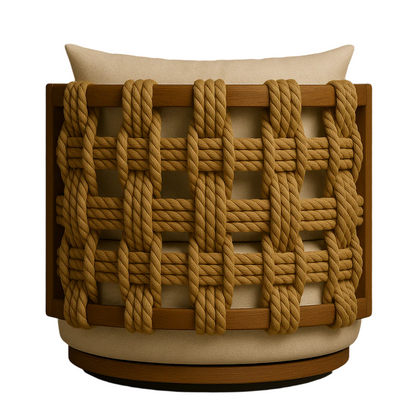 Outdoor Swivel Accent Chair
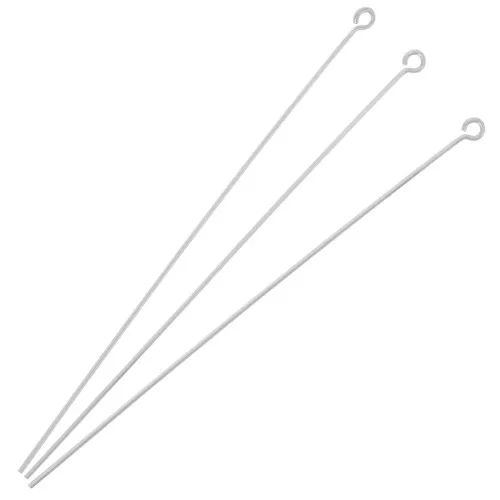 70x0.7mm 925 Sterling Silver eye pins x10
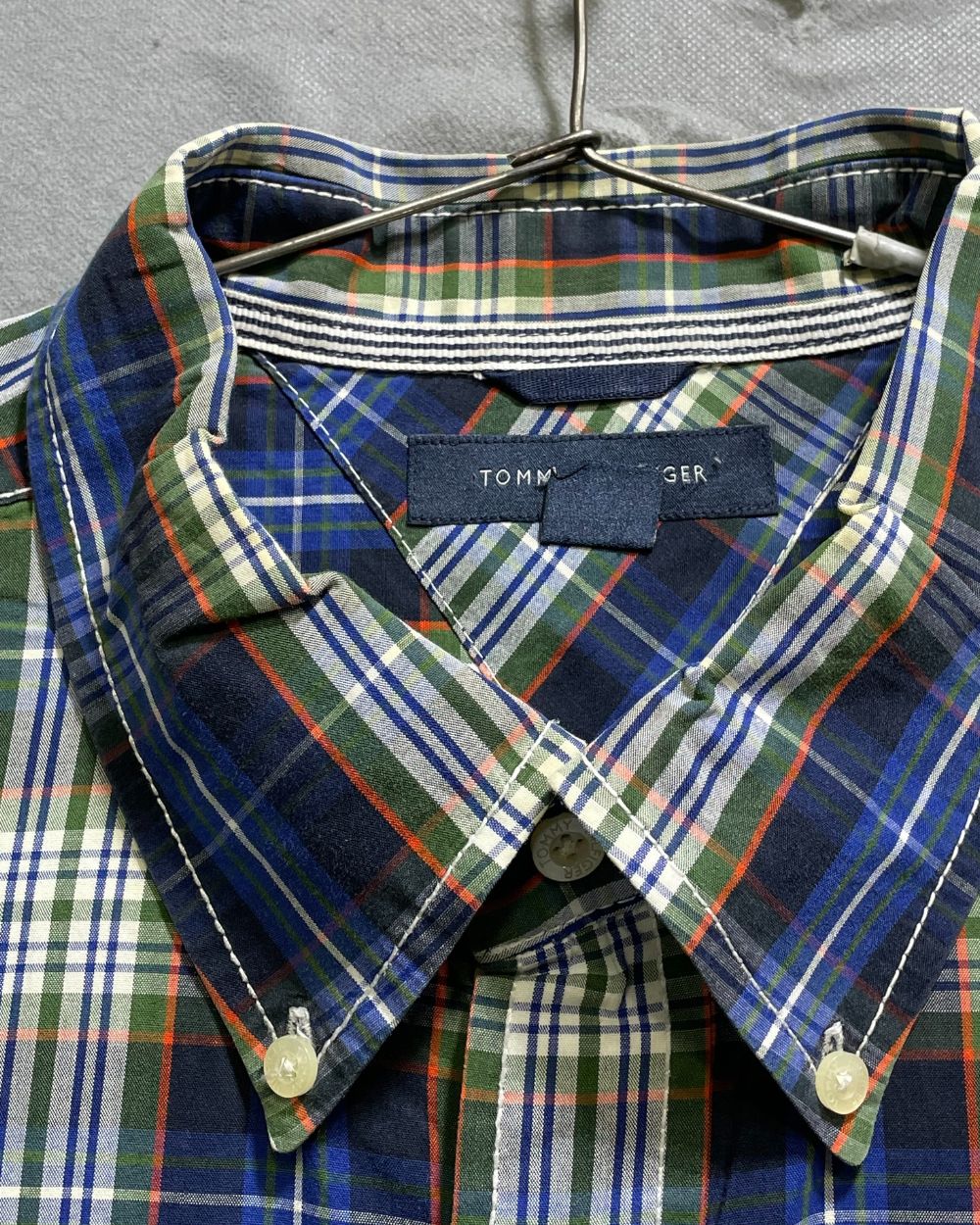 Tommy Hilfiger Blue Cotton Shirt For Men X L | Preloved Labels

++++++

→ Work task
Only the lines from the one containing "70x0.7mm 925 Sterling Silver eye pins x10" through the end of the listing should be output, word for word and inclusive; keep pictures out.

→ Response box
 70x0.7mm 925 Sterling Silver eye pins x10
 Tommy Hilfiger Blue Cotton Shirt For Men X L | Preloved Labels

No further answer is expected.